1980’lere kadar sıkı bir şekilde uygulanan bu kural o senelerde Arap Popu’nun doğması ve bu yeni müzik türünün sadece Mısır’da değil bütün Arap dünyasında rağbet görmesi üzerine önce gevşemiş, daha sonra askıya alınmıştı. Abdurrahman Reşad’ın açıklamasında söylediği gibi Arap Müziği’nin gelmiş geçmiş en büyük erkek seslerinden olan, hattâ çok meşhur bazı şarkıları bizde de seneler boyunca yürütülerek Türk bestecilerin eserleri gibi ortaya sürülen ve oldukça rağbet gören Abdülhalim Hafız bile bu yeterlilik sınavından vaktiyle defalarca geçmiş, okuduğu eserlerin radyolarda çalınmasına sınavlar sonrasında izin verilmişti.

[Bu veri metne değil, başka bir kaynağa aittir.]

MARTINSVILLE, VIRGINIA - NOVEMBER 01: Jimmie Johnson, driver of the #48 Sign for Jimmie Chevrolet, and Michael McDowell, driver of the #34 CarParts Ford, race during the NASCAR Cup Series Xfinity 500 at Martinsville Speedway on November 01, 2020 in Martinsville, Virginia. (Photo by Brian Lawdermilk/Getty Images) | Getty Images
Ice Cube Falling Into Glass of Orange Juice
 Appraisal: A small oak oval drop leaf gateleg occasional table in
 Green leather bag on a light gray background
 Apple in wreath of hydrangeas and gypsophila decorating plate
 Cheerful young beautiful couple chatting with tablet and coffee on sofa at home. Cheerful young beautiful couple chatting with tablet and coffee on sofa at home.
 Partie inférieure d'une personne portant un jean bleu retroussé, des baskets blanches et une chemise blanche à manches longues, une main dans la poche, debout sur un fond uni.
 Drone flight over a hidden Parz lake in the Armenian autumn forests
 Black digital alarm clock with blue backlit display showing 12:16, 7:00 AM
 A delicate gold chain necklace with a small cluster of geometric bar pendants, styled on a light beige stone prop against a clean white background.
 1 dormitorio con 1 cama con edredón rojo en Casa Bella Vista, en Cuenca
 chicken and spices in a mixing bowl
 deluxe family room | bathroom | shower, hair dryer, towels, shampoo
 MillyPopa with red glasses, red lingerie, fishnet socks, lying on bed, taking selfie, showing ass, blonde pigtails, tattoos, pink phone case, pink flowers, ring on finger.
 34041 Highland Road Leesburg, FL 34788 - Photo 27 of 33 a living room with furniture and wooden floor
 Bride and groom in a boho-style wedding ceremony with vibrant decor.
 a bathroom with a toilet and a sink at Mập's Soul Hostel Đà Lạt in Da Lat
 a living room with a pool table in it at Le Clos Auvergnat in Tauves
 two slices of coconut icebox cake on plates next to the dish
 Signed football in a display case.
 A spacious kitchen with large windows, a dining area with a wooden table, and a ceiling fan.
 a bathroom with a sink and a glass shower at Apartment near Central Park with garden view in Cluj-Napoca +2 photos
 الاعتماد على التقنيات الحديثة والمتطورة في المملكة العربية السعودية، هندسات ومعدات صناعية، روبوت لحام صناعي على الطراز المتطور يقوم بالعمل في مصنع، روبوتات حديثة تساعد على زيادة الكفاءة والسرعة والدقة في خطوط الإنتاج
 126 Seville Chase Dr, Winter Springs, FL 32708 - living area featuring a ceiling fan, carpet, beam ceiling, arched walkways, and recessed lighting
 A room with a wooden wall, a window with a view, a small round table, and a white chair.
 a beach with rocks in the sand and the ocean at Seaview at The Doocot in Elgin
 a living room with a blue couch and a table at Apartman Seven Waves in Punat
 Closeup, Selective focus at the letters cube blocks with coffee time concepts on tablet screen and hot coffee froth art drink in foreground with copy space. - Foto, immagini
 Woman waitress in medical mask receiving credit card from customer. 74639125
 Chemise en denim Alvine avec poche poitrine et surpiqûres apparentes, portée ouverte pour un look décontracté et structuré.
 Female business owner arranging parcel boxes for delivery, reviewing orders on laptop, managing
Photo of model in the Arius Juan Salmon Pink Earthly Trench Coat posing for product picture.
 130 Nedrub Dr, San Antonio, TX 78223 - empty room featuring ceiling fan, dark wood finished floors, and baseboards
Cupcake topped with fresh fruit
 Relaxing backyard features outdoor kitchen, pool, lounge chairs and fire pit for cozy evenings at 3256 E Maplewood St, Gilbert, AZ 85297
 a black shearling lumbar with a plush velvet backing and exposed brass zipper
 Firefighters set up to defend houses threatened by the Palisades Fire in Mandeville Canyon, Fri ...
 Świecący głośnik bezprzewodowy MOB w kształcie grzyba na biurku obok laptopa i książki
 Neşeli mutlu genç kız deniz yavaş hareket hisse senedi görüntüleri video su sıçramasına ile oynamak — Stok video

Getirilen yasak çok sayıda icracıyı ama öncelikle iki sanatçı ile bir Arapça rap grubunu etkiliyor: Son senelerde sesinin yanısıra “erotik” sayılan klipleri ile de şöhret kazanmış Lübnanlı okuyucu Heyfa Vehbi’yi, Mısır’daki protest müziğin önemli isimlerinden olan ve şarkılarında Muhammed Mursi’yi açıkça destekleyip General Sisi’nin darbesine karşı çıkan Hamza Nemire’yi ve “Oka ile Ortiga” grubunu...
1930’lardan buyana İngilizler’in BBC’si ile beraber dünyanın en fazla dinlenen yayın kuruluşlarından olan Mısır’ın devlet radyoları, özellikle de Kahire Radyosu sadece Mısırlılar’a değil, bütün Arap dünyasına seslenmiştir. Hattâ radyolarda Türk Müziği’nin yasaklı olduğu 1930’lu senelerde binlerce Türk dinleyici de antenlerini “Savtu’l- Arab min el-Kahire”ye, yani Kahire Radyosu’na çevirmişler, uzun müddet Abdülvehab’a, Ümmügülsüm’e ve daha birçok Mısırlı sanatçının icralarına kulak vermişlerdir..."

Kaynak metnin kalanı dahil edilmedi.